## SOURCE RECORDS
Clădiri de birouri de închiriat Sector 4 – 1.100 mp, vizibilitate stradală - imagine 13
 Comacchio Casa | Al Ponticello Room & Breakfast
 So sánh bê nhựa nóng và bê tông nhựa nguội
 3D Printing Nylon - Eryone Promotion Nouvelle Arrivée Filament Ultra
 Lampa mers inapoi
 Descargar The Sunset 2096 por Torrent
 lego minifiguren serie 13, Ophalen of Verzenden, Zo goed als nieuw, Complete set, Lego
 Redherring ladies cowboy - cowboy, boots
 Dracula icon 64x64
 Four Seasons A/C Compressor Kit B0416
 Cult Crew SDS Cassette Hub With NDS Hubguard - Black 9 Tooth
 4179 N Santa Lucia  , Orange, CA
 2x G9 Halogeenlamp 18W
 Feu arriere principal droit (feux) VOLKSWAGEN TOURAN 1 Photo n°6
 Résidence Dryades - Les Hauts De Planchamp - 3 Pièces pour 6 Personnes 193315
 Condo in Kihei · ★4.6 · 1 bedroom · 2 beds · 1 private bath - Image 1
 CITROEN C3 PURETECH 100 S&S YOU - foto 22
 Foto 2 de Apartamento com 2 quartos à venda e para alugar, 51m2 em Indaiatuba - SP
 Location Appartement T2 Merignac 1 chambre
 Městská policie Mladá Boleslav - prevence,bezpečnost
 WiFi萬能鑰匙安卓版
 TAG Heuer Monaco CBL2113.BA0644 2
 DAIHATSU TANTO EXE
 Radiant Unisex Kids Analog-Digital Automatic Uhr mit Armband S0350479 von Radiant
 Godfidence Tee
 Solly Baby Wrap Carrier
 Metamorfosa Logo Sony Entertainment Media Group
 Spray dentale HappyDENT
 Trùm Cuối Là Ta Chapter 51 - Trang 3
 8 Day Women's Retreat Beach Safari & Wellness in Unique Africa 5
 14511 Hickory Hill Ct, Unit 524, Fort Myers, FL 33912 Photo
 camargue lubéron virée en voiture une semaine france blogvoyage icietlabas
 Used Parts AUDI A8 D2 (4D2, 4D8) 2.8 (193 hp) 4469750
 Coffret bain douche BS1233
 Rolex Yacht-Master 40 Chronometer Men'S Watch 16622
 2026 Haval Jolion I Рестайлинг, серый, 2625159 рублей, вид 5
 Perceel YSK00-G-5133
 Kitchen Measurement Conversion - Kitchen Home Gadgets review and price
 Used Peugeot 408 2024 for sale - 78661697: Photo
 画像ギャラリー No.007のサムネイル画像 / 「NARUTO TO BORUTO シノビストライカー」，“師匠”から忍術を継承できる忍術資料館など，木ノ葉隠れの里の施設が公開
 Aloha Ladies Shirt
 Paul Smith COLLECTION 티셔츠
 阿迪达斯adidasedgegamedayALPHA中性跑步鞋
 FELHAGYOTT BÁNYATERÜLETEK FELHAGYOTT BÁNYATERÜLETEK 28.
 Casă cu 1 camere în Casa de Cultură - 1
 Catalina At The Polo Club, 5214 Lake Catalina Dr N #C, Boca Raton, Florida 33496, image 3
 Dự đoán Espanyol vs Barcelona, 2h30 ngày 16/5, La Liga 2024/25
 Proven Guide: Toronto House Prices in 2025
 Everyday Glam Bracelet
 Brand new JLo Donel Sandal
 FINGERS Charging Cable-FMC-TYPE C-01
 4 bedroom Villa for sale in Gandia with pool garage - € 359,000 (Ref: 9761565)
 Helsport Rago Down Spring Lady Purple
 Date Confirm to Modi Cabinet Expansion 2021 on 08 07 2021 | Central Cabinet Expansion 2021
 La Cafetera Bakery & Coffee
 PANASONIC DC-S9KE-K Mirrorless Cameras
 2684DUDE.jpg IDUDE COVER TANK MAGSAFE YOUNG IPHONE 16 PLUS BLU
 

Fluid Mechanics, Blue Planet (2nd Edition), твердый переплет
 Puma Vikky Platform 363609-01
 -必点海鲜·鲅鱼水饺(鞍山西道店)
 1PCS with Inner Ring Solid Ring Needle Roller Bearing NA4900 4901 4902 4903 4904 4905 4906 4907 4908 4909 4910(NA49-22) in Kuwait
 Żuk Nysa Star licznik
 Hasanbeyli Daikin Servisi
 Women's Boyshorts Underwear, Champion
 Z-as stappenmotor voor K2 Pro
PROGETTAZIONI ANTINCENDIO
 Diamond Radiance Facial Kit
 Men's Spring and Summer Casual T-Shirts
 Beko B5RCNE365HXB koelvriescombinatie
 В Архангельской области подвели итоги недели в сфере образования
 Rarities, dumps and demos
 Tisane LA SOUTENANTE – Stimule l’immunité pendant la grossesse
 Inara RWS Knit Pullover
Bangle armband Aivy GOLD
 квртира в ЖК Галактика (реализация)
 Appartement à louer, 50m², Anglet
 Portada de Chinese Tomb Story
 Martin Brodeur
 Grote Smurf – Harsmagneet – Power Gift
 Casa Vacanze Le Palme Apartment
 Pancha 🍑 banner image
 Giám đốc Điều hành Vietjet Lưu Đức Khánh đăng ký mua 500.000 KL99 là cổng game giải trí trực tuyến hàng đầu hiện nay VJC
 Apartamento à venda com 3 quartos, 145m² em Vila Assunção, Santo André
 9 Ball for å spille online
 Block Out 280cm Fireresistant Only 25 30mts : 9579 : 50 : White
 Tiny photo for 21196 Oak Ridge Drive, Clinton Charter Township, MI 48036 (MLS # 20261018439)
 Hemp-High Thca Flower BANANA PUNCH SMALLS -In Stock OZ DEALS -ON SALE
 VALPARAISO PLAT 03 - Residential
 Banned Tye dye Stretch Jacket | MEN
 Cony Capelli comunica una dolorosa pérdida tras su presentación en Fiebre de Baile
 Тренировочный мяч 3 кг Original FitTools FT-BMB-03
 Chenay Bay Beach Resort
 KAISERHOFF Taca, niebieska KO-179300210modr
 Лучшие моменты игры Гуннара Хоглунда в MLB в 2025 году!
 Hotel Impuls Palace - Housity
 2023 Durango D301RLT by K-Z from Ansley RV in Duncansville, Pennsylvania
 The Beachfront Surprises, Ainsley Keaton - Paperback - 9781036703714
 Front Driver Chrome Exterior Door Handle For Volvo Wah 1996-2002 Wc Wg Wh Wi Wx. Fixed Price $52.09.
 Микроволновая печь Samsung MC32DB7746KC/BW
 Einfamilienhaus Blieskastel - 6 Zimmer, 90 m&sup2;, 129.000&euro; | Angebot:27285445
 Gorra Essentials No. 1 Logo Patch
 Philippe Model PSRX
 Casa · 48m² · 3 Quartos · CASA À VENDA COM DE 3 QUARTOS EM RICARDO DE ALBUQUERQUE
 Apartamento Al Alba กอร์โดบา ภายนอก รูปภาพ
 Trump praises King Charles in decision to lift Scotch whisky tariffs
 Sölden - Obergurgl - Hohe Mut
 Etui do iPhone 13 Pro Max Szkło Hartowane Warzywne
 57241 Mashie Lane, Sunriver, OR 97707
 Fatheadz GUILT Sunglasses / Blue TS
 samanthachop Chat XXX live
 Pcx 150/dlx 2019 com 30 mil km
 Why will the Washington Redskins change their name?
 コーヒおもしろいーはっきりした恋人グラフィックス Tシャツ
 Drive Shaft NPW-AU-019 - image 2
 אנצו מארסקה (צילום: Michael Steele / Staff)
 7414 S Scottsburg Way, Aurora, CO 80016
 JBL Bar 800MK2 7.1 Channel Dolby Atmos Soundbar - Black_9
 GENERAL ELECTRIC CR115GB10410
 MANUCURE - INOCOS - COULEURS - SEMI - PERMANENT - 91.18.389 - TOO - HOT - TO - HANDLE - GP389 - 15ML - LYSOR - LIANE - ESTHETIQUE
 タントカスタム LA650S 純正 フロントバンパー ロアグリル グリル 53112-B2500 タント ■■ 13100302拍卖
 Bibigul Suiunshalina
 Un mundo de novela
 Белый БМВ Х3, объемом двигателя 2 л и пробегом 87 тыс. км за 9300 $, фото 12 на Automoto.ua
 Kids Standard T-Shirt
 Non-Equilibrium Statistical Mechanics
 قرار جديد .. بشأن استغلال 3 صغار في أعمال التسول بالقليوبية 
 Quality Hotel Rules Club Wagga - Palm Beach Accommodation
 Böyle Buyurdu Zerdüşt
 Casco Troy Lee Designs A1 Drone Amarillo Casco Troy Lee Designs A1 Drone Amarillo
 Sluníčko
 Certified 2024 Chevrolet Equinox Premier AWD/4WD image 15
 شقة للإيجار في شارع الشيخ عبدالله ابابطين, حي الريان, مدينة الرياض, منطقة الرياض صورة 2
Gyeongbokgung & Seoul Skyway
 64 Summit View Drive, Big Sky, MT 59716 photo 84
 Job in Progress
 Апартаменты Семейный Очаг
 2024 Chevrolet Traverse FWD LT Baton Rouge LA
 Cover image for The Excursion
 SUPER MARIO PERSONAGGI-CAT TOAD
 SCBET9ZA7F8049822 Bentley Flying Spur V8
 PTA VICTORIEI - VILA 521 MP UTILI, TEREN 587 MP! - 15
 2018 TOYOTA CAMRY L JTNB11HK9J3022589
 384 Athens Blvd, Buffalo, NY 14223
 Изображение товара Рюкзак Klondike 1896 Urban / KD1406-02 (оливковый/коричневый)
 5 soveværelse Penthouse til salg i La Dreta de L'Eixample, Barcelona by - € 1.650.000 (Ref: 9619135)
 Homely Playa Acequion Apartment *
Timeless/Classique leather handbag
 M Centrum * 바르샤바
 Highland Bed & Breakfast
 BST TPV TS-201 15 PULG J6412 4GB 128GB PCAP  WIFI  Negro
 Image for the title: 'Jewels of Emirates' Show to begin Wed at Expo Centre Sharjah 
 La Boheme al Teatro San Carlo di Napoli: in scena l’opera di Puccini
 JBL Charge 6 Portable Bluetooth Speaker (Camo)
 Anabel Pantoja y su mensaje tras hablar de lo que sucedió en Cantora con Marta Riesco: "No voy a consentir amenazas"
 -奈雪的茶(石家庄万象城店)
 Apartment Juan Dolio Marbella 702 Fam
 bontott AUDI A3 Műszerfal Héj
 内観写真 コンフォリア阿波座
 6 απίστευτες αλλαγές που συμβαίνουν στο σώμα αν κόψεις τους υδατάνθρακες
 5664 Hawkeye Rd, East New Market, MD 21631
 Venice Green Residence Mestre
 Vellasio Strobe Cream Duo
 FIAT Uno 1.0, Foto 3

## DESCRIPTION OF THE TASK
Reproduce only the lines above, starting at the line with "Bibigul Suiunshalina" and ending at the line with "Gyeongbokgung & Seoul Skyway", exactly as written.

## RESPONSE AREA
 Bibigul Suiunshalina
 Un mundo de novela
 Белый БМВ Х3, объемом двигателя 2 л и пробегом 87 тыс. км за 9300 $, фото 12 на Automoto.ua
 Kids Standard T-Shirt
 Non-Equilibrium Statistical Mechanics
 قرار جديد .. بشأن استغلال 3 صغار في أعمال التسول بالقليوبية 
 Quality Hotel Rules Club Wagga - Palm Beach Accommodation
 Böyle Buyurdu Zerdüşt
 Casco Troy Lee Designs A1 Drone Amarillo Casco Troy Lee Designs A1 Drone Amarillo
 Sluníčko
 Certified 2024 Chevrolet Equinox Premier AWD/4WD image 15
 شقة للإيجار في شارع الشيخ عبدالله ابابطين, حي الريان, مدينة الرياض, منطقة الرياض صورة 2
Gyeongbokgung & Seoul Skyway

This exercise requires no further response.